Blaine opens the shopping bag and sticks his whole face in.


“Are these…hot wings?” Blaine asks, sifting through the contents of the bag.


“Probably,” Cooper says, reaching past Blaine and shoving a free hand into the bag, grabbing out a wing and changing another lane. He takes a sizable bite out of the relatively small wing and chews experimentally. Suddenly, his face scrunches and he gags. He rolls down the car window and tosses the wing out, spitting the bite he had taken along with it. “Watch out. They're chicken wings, but they're not good anymore,” Cooper says between spits.

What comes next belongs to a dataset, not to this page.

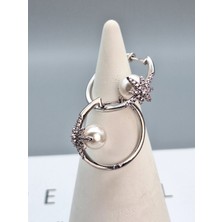 Duru Aksesuar Vip Seri Gümüş Renk Inci Detaylı Zirkon Taşlı Halka Küpe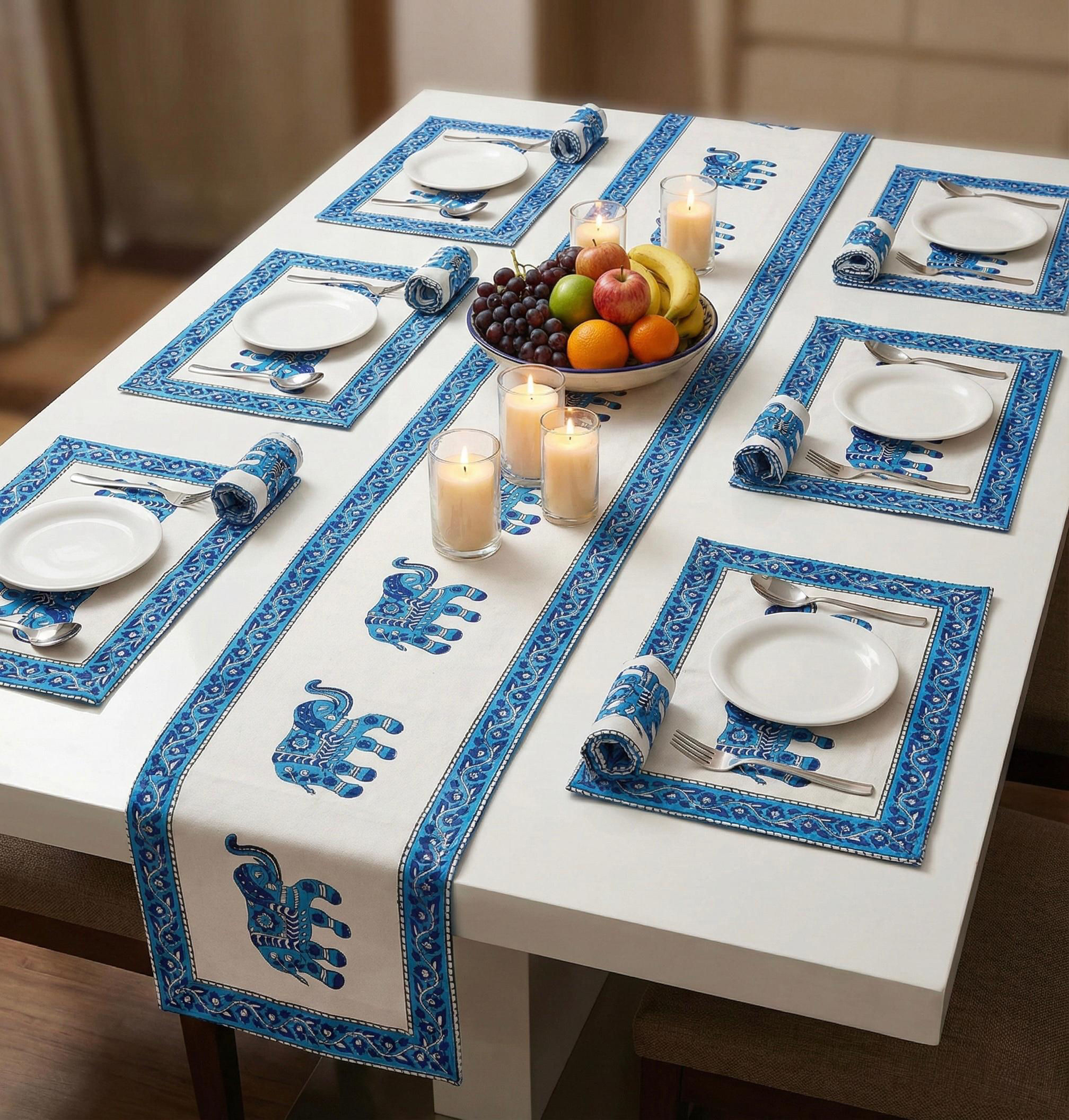 Hand Block Print Premium Table Mat Set + Matching Runner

Blaine continues to look through the bag for something decent to eat until he finds an unopened, factory sealed tub of deli meat – honey ham, with an expiration date for a month from now. He breaks into the tub, catching a glimpse at his injured thumb.


“Hey! My cut is gone!” Blaine exclaims, bringing his thumb up to his eyes and examining it thoroughly.


Cooper sneaks a few slices of ham from the tub, rolls them into a tube, shoves the whole thing into his mouth, and starts to chew.


“Mmmm,” he says, relaxing into the driver's seat, “that's the good stuff.”


Blaine makes another silly face at his fish, but instead of copying it this time, the fish pokes his head out of the water and steals a slice of ham. Blaine giggles.


“Hey!” Cooper complains when he hears the splashing and sees the fish drag a perfectly good slice of ham into the bucket of scuzzy sea water. “Tell your fish to lay off the ham!”


“Kurt,” Blaine corrects, looking into the goldfish's luminous blue eyes. “I'm calling him Kurt.”


“Kurt?” Cooper asks, raising an eyebrow. “For a goldfish? Not like Goldie, or Swimmy, or Flippers? But Kurt?”


“Yes, Kurt,” Blaine says, watching as Kurt pokes his head out of the water to snatch another slice of ham. Blaine smiles. “I saved his life. He's my responsibility now.” Blaine leans down to the bucket while Kurt chews his ham. “I will take care of you,” Blaine whispers. “I promise.” The fish lifts his head, tries his best to smile, and presses his cold lips against Blaine's nose.